What is MPGe and How is It Calculated?
When you’re comparing fuel efficiency for conventional vehicles, MPG (Miles Per Gallon) is all you need to know. For hybrids and all-electrics, you need to start taking MPGe (Miles Per Gallon equivalent) into account. So:
- What does MPGe mean?
- How is MPGe calculated?
- How should you shop using MPGe ratings?
We’ve broken down each question to get you up to speed on MPGe.
What Does MPGe Signify?
When hybrid and electric vehicles started hitting the roads, federal agencies were faced with something of a quandary: how could they let shoppers compare energy costs without the conventional MPG rating? An all-electric vehicle doesn’t use “gallons” of anything, and a hybrid supplements its fuel with electric input, so an easy apples-to-apples standard had to be developed.
That’s where MPGe comes from: it stands for “Miles Per Gallon equivalent.” Instead of using unfamiliar terms, such as kilowatts and kilowatt-hours, the MPGe standard is easy enough to understand. It simply refers to the number of miles a vehicle can travel using a quantity of electricity, with the energy content identical to one gallon of gasoline.
How is MPGe Calculated?
MPGe is a virtual calculation.

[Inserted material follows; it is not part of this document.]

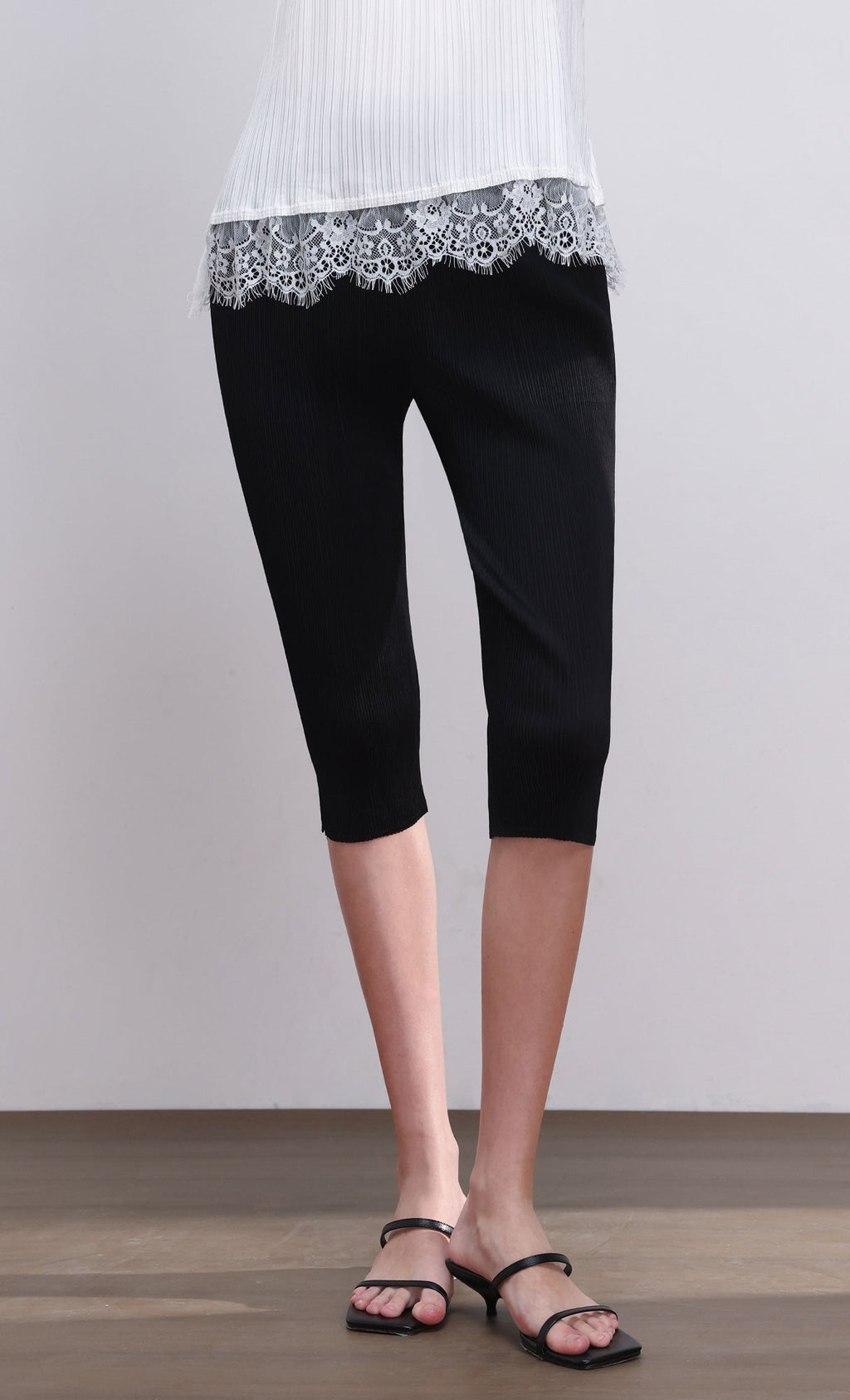 Pleated capri pants_black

The EPA conducts test cycles and assumes averages for key variables, including electricity rates and fuel costs. It sounds like a hit-or-miss process, but it’s used across all electric and hybrid models to provide a relatively accurate impression of how each one will behave.

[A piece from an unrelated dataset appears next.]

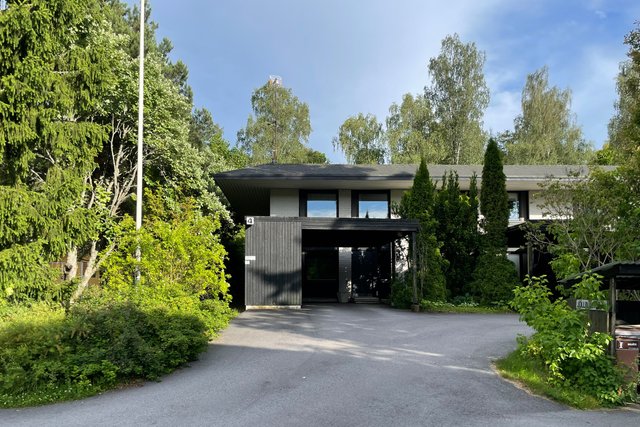 Jöllinaukio 4 as
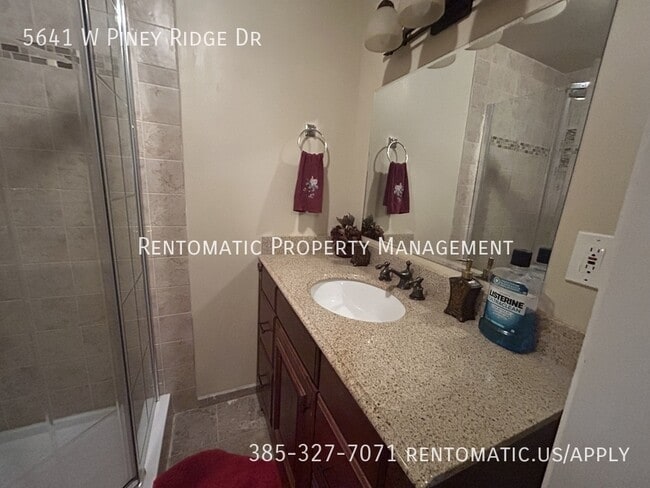 Building Photo - 5641 Piney Ridge Dr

Essentially, if the EPA rates a certain hybrid or electric vehicle at 100 MPGe, it means its operating efficiency is on par with a fuel-based car that gets 100 mpg.
How Should You Shop Using MPGe Ratings?
- All-Electric: If you’re shopping for a battery-electric car, the distance it covers from full battery to flat is its MPGe rating – this goes on the sticker in place of the traditional MPG figure. For example, the Ford Focus Electric makes up to 107 combined MPGe.
- Hybrid: When you’re shopping for a hybrid, you’ll find two types of rating; traditional MPG shows how far a vehicle goes under conventional power, while MPGe shows how far it goes when the battery pack is used.